SUPPLIED ENTRIES:
────────────────

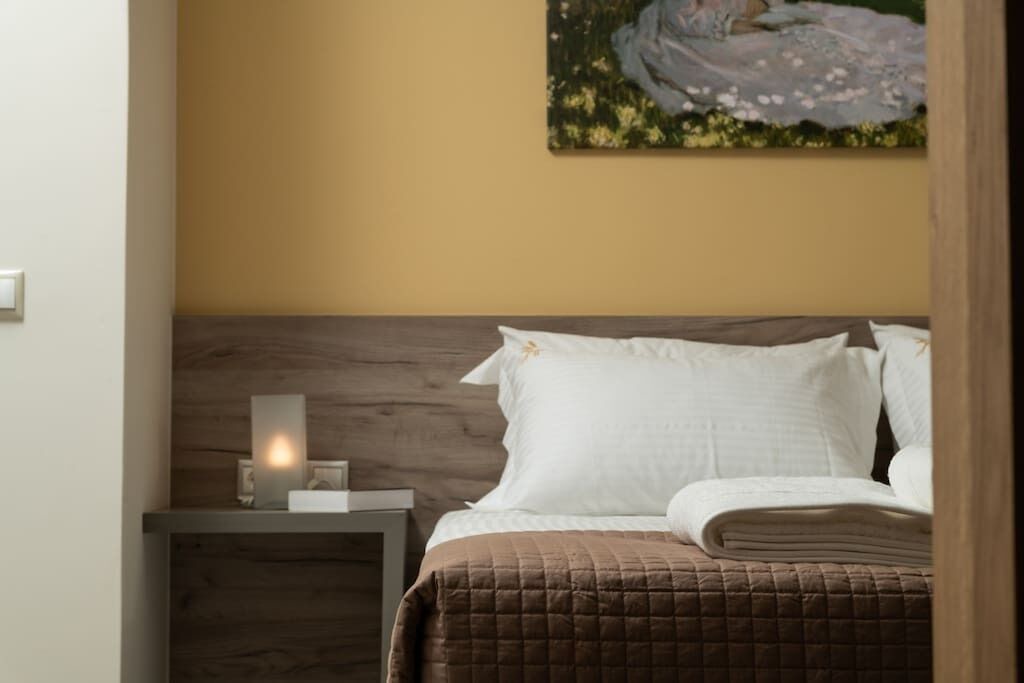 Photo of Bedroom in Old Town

────────────────

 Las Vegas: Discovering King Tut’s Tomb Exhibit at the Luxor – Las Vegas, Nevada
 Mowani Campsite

────────────────

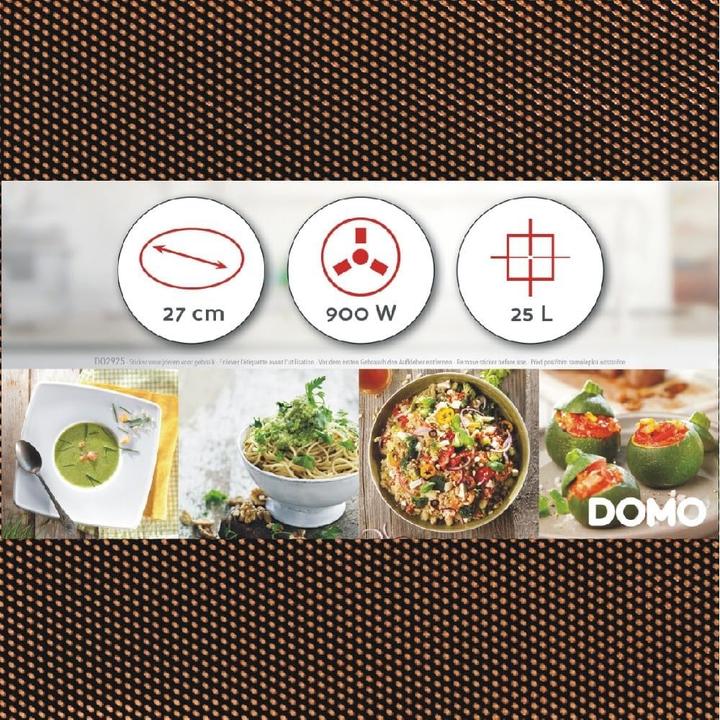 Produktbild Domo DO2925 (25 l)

────────────────

TASK DIRECTIONS:
Nothing should appear in the answer except the lines above from the line with "Las Vegas: Discovering" through the line with "Mowani Campsite", both included, written out exactly.

RESPONSE BELOW:
 Las Vegas: Discovering King Tut’s Tomb Exhibit at the Luxor – Las Vegas, Nevada
 Mowani Campsite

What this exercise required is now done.